Rendell said the World Trade Center was itself a symbol of religious tolerance, having set aside two places for Muslims to use for their daily prayers. Two weeks after the towers fell, he said, a service was held within sight of one of those spots to honor Muslims who had died in the 2001 attacks.
"Nobody objected," Rendell said. "There was not one word of dissent because back then we were united, we were not Muslims, Jews, Christians - we were Americans. Today we're here ... because there are those who seek to divide us, whether in Florida or New York or Tennessee."
Although a Florida pastor had called off plans to burn copies of the Quran, Rendell said the damage had been done, prompting violence in Afghanistan and Egypt.
"I believe things got so bad because there are people who seek to advance their own agenda by doing this and because the good people who know that this is wrong, who know that this is not what America stands for, too often have remained silent," Rendell said.
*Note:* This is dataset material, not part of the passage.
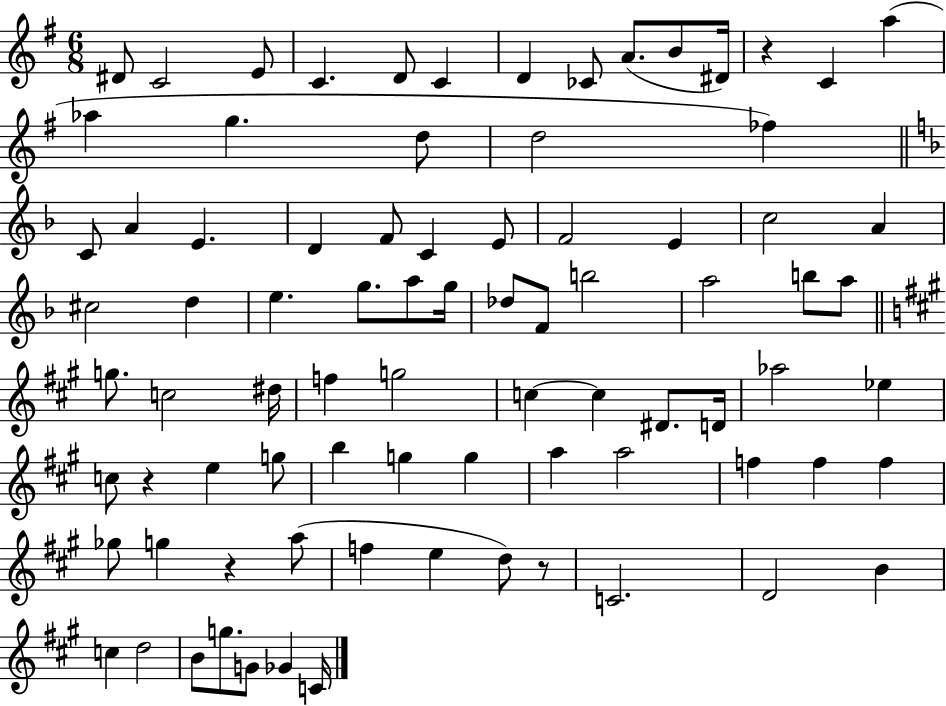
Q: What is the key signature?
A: G major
He said he wanted to gather with Muslim leaders and those of other faiths "to say, this isn't the values that we represent."
"I believe the majority of Americans stand with us tonight," he told the crowd of about 100 people. "If one of us is attacked because of our religion, all of us can be attacked because of our religion."
Seven of the religious leaders also spoke briefly, reading passages from the Bible, Torah and Quran.
Sheik Imam Mohammed Shehata, Al-Aqsa Islamic Society, recited verses in Arabic, which Marwan Kreidie, founder of the Philadelphia Arab-American Community Development Corporation, translated as saying messengers of God have included Abraham, Moses, Jesus and the prophet Muhammad himself.
"Each one believes in God and his angels, and his books and his messengers. We make no divisions between any of his messengers. They say, 'We hear, and we obey,"' Kreidie said.
Rendell said, "Hard to believe anyone would want to burn a book that has passages like that."